Ingredients
· Kernels from 4 ears of boiled fresh corn on the cob PLUS frozen corn to equal 6 cups
· 3 tablespoons unsalted butter
· 1 onion , chopped fine
· 2 tbls of bacon grease will add flavor 
· 1/4 tsp dry thyme
· Salt and pepper
· 1/4 cup all purpose flour
· 21/2 cups water plus 21/2 cups of chicken broth
· 3/4 pound red potatoes (red best but any will do) cut into 1/2 inch pieces
· 1cup heavy cream
· Sugar  (if needed)
· 1/2 tsp dry basil 

Instructions
1. Melt butter in Dutch oven over medium heat; add onion, bacon grease, 1 teaspoons salt, cook, stirring frequently, until onion is softened. Stir in flour and cook, stirring constantly, for 2 minutes. Whisking constantly, gradually add water, chicken broth and bring to a boil. Add corn kernels, potatoes, thyme and basil.

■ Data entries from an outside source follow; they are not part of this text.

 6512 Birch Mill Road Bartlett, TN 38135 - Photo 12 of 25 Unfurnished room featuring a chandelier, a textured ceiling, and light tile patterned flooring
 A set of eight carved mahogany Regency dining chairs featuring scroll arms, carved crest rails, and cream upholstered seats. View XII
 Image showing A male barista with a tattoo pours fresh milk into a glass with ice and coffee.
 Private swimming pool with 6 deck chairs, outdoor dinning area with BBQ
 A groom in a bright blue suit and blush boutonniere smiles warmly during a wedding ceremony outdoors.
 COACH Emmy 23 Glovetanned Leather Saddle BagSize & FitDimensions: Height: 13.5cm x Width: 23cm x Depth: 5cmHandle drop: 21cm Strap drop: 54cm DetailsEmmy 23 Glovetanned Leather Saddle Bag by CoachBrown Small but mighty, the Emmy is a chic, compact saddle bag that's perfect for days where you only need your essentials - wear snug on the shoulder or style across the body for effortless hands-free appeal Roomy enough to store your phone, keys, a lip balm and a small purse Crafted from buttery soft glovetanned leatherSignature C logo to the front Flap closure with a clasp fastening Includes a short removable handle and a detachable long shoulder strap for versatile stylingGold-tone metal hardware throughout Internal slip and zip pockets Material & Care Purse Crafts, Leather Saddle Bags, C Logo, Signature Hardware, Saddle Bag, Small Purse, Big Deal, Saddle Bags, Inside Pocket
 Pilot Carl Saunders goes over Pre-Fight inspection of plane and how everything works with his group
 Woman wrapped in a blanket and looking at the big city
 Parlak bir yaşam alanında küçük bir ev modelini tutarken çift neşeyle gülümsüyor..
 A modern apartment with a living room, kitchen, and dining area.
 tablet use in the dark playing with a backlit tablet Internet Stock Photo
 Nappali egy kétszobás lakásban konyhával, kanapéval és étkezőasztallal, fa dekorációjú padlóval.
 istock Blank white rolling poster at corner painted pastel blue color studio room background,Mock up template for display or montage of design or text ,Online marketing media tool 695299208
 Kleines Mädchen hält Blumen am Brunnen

Return to simmer; reduce heat to medium-low and cook until potatoes have softened, 15 to 18 minutes.

2. Process 2 cups chowder in blender until smooth, 1 to 2 minutes. Return puree to chowder; add creme and return to simmer. Remove pot, season to taste with salt, pepper, and up to 1 tablespoon sugar (only if needed).